Before I was aware of it, I was sitting on the lid of the toilet. She was rubbing shaving cream all over my off-kilter beard, which was all different lengths now. Her hands felt soft and alien. They were gentle.

“Let’s talk about something else,” I said.

“Like what? Ice cream? Fireworks? New Jersey?”

“K.”

“It’s weird with me and K,” she said.

“Sounds about right,” I said. “It’s always weird. Girl and girl. Boy and girl. Boy and boy. Man and kangaroo. Girl and horse…”

“Girl and horse!” The shaving cream on her hands got all over her own face as she touched it inadvertently.

“Boy and sock.”

“I took philosophy 101 last semester. And just so you know, the universe is always about wanting somebody more than they want you. That’s what the whole universe is about.”

“Been there, done that,” I said.

She put the straight razor against my cheek and said, “She’s never loved anybody.

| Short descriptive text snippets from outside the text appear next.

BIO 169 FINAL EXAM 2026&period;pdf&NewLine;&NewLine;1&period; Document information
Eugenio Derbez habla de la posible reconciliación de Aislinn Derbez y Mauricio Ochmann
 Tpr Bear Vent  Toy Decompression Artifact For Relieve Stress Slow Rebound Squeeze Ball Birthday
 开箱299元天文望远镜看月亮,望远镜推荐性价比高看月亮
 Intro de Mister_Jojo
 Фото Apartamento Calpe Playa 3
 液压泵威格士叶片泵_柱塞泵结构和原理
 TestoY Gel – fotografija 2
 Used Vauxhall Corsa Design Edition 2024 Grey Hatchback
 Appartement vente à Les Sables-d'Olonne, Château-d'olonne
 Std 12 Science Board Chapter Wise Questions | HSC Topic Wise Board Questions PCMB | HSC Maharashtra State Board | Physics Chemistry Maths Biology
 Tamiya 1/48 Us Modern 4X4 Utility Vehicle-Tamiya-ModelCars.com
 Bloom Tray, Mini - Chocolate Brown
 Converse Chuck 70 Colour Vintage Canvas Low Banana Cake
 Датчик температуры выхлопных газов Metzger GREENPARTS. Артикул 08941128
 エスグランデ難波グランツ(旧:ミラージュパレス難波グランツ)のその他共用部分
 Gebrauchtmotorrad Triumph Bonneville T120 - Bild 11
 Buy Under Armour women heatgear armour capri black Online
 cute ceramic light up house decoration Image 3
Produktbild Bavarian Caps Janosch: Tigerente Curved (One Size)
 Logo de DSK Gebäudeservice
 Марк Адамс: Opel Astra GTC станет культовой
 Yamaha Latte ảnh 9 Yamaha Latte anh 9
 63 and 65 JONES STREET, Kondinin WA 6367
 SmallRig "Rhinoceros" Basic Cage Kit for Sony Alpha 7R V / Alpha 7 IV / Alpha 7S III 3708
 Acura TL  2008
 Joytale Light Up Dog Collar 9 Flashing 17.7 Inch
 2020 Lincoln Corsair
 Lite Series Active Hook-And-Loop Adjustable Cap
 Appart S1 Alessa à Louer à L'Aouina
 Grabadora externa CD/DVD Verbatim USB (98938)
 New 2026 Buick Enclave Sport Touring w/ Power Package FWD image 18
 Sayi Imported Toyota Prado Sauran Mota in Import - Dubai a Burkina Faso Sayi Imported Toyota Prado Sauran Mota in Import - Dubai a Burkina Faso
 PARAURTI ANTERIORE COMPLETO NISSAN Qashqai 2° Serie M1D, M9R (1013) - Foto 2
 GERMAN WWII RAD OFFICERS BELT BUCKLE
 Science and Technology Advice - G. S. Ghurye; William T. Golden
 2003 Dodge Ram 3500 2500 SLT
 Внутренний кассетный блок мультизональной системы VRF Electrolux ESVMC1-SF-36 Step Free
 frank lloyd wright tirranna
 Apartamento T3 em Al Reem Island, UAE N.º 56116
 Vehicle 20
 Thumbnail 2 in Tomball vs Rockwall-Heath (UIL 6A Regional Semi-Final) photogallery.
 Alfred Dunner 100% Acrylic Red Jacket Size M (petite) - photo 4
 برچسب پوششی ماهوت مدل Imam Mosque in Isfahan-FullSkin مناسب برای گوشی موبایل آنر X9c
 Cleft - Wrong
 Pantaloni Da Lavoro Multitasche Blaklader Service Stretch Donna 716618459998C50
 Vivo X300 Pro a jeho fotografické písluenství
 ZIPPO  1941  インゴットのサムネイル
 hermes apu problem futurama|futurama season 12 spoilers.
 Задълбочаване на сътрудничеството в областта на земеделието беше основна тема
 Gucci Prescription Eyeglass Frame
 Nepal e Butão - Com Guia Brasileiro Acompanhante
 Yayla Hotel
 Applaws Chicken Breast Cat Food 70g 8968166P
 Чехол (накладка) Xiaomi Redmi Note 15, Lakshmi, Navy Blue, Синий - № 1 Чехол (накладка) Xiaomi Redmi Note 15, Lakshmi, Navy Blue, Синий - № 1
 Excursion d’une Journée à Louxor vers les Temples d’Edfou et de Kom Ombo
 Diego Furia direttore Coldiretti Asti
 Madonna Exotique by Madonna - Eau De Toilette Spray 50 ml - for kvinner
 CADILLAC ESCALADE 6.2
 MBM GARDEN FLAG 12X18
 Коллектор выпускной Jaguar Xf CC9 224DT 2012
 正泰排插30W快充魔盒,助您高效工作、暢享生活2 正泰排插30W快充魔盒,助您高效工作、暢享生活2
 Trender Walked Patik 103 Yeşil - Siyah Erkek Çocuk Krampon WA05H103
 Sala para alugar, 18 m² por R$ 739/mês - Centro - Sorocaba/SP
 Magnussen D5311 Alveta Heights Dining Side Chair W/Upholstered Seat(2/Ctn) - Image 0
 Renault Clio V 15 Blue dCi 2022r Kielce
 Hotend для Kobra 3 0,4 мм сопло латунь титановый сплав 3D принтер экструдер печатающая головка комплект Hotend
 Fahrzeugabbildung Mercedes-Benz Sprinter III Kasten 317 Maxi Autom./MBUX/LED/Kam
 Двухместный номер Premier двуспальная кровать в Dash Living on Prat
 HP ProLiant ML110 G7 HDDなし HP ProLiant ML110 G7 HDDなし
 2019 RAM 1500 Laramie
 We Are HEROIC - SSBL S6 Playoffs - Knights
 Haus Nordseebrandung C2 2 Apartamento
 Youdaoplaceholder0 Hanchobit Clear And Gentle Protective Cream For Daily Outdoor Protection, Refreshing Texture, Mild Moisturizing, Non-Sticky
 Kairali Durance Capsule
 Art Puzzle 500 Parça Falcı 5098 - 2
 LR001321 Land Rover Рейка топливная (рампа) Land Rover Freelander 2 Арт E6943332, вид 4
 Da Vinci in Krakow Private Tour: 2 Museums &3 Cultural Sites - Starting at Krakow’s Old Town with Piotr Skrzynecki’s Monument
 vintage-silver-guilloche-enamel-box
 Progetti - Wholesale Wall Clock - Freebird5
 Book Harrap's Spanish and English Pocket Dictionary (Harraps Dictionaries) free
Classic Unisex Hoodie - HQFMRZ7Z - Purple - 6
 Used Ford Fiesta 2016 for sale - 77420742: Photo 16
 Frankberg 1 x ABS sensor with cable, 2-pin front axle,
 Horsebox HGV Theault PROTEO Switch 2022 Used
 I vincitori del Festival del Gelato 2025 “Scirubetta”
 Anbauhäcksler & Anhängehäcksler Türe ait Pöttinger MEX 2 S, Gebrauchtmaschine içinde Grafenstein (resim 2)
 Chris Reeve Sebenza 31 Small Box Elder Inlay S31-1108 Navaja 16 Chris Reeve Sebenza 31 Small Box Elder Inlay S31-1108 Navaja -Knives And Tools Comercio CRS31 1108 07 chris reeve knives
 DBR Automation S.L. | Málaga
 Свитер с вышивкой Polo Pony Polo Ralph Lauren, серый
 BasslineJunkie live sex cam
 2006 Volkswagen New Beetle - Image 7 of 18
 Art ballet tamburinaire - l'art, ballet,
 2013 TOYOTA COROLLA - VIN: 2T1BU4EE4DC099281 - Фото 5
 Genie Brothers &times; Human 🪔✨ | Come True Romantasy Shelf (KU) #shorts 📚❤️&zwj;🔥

But I don’t blame her.” June drew the blade down, taking away the beard, taking away the shaving cream, taking away my hiding spot. “Probably nobody’s ever loved her.”

“But you,” I said.

She stopped.

“I keep trying. Somebody decapitate me, please.”

14

The girls were laughing, taking slugs, explaining college life to us.

“My art professors are scary people,” June said.

K explained, “I’m attending Brown to get on the path of world domination.”